10. The EAP Programme is a programme set up independently of my employers whereby you can discuss family problems, relationships, bereavement or legal problems and it is supposed to be fully confidential.
11. My complaint was about my fellow workers use of pornographic material and illegal substances at the residence where I worked".
"4.7 The Respondent provides what is styled an as Employee Assistance Programme. It has a commercial contract with a company called PPC Ltd and all employees have access to that service. It is a confidential telephone [report] service and an employee can seek assistance on any matter of concern. The Applicant chose to make use of this facility to voice his concerns.
4.8 In circumstances such as those under consideration, whilst preserving the anonymity of the informant, the above mentioned service will report the matter to the Respondent where the circumstances so require. This was done. The Director of Administration, Lucy Jones, then arranged a meeting on 7th July 1999, at which Keith Flanagan, Director of Human Resources, Katherine Murphy, Director of Residential Services and Susan Quayle, Service Manager for the Group of Homes which included Newhutte Lane were also present.
4.9 The meeting was told that an "external agency" had provided information that illegal substances and pornographic material were being taken into the Newhutte home and that the Manager was aware of this.
4.10 The above circumstances led to there being an investigation by Susan Quayle and Keith Flanagan.

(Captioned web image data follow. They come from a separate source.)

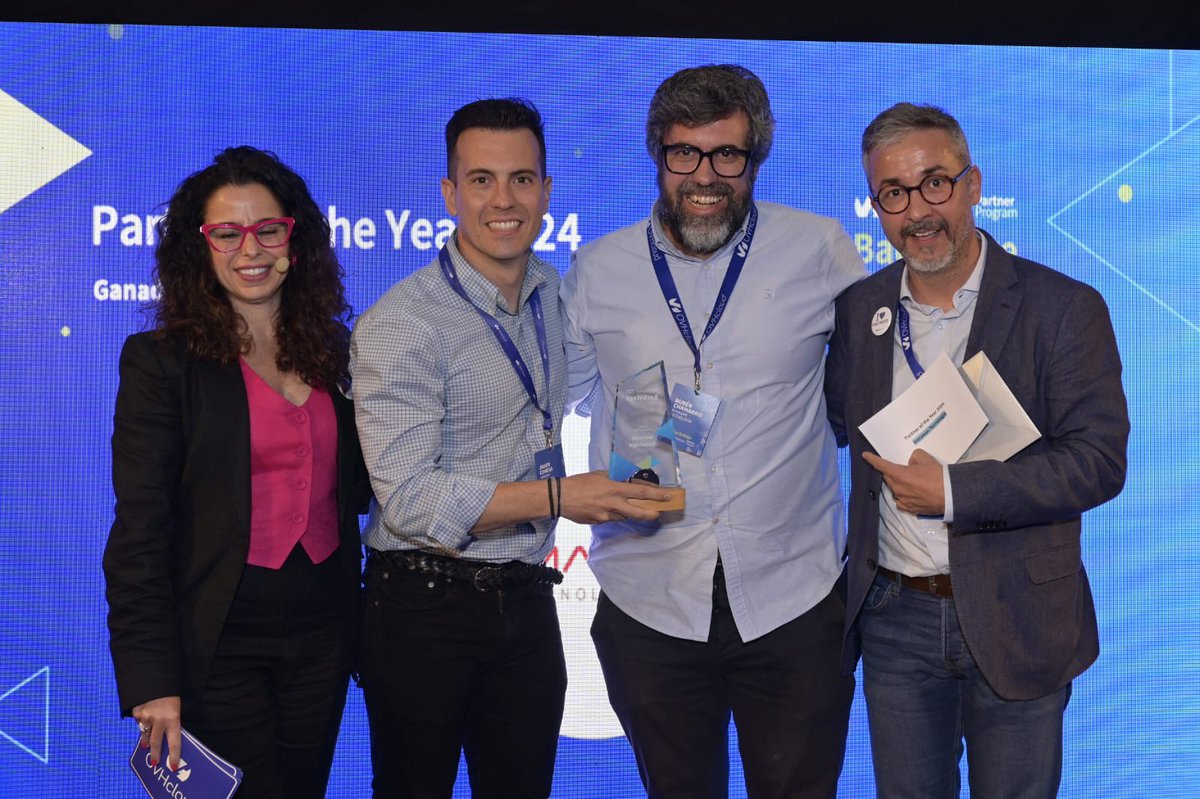OVHcloud_ES's tweet photo. ¡Ha llegado el momento de premiar a los miembros del #OVHcloudPartnerProgram más destacados del año! 🎉🏆
🏅 Rising Star Partner of the Year 2024: @asset_w
🏅 Business Excellence & Innovation Partner of the Year 2024: #CiCConsultingInformático
🏅 New Partner of the Year 2024: @poolinformatico
🏅 Partner of the Year 2024: @inmasantech
¡Enhorabuena! 🎊 Gracias por la confianza y el increíble trabajo👏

They visited the home on 8th July 1999 and interviewed all the support workers. Copies of the statements to be found in the Respondents bundle of documents (Exhibit R1, pages 19 to 27 inclusive). The substance of these statements provided the material for a report which is to be found at pages 44 and 45 of Exhibit R1.
4.11 In consequence of the above mentioned findings Mr Brown (then Manager of the home) and Mr A Powell, a member of staff, were suspended to allow investigations into the allegations which had arisen. Both subsequently ceased to be employed by the Respondents.
4.12 Mr Brown having been suspended, his place at the home was temporarily taken by Mr Bonnar, an experienced manager, well regarded by the Respondents. It was during this interregnum that concerns were voiced which ultimately led to termination of the Applicant's employment. The issues are to be found in reports from Mr Bonnar which are at pages 46, 55 and 56 of Exhibit R1. All these have been carefully considered by the Tribunal. In one report Mr Bonnar comments, "I have worked a few shifts with George Cole". That is an exaggeration. The Tribunal has examined the shift patterns for the period concerned and it is clear that, in fact, Mr Bonnar and Mr Eleady-Cole only worked together on shifts on two occasions.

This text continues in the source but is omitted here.